-- Work task --
Your reply should set down word for word each line below from the one with "Audi Q3 3ª serie" through the final line, both included, but none of the pictures.

■ ■ ■ ■ ■

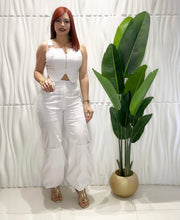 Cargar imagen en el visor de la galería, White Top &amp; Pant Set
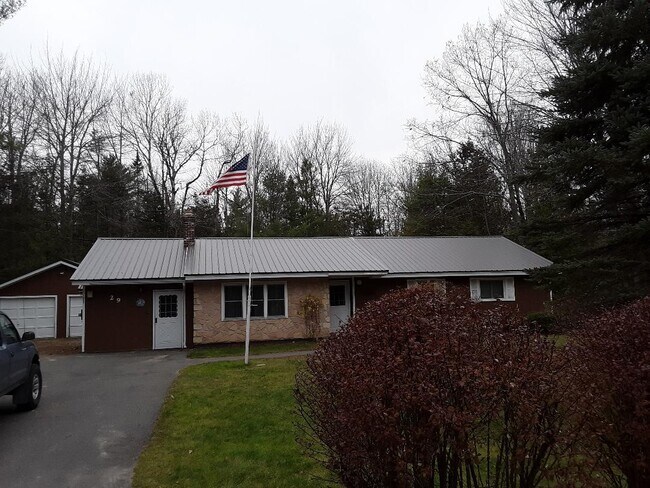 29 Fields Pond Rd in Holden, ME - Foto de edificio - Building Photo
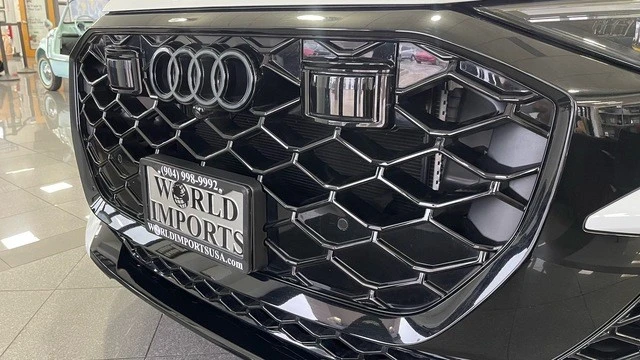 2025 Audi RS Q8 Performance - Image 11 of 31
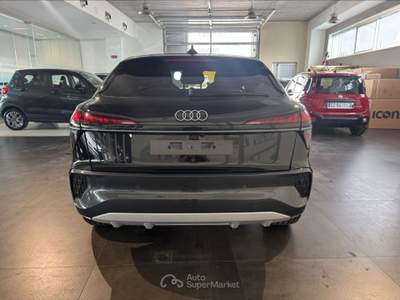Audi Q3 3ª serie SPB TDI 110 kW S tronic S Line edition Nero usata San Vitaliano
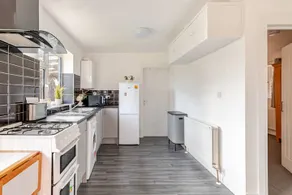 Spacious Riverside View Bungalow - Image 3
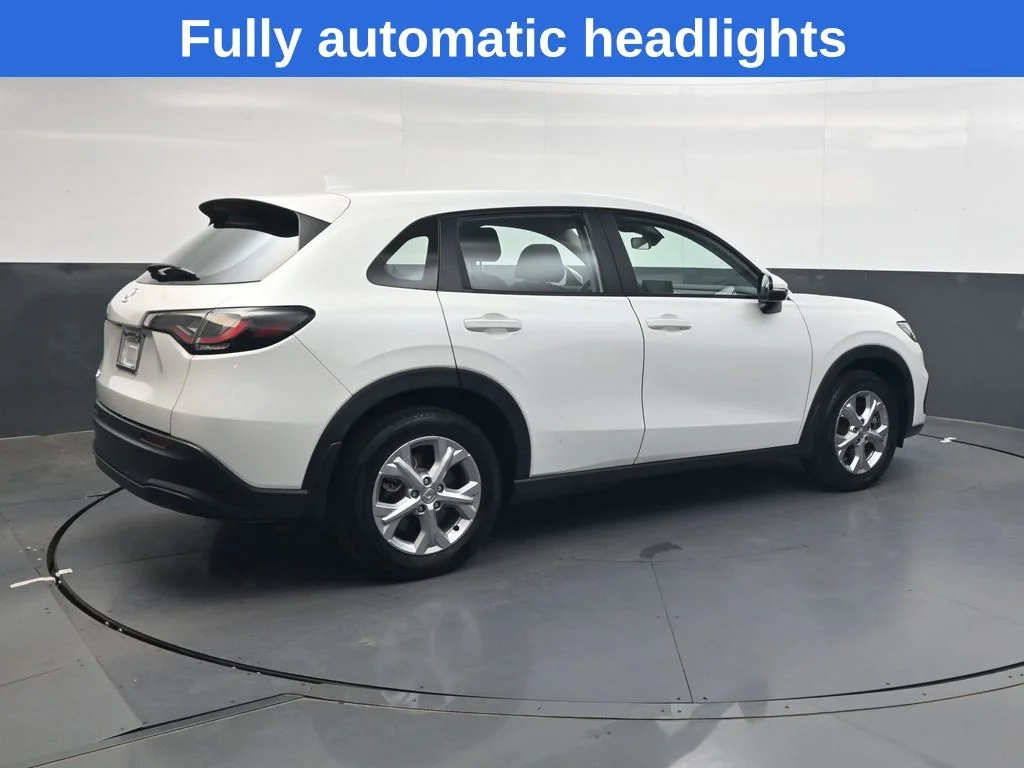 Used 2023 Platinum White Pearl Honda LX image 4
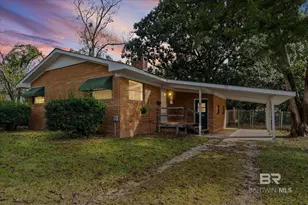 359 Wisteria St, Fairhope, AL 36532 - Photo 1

■ ■ ■ ■ ■

-- Solution for this exercise --
Audi Q3 3ª serie SPB TDI 110 kW S tronic S Line edition Nero usata San Vitaliano
 Spacious Riverside View Bungalow - Image 3
 Used 2023 Platinum White Pearl Honda LX image 4
 359 Wisteria St, Fairhope, AL 36532 - Photo 1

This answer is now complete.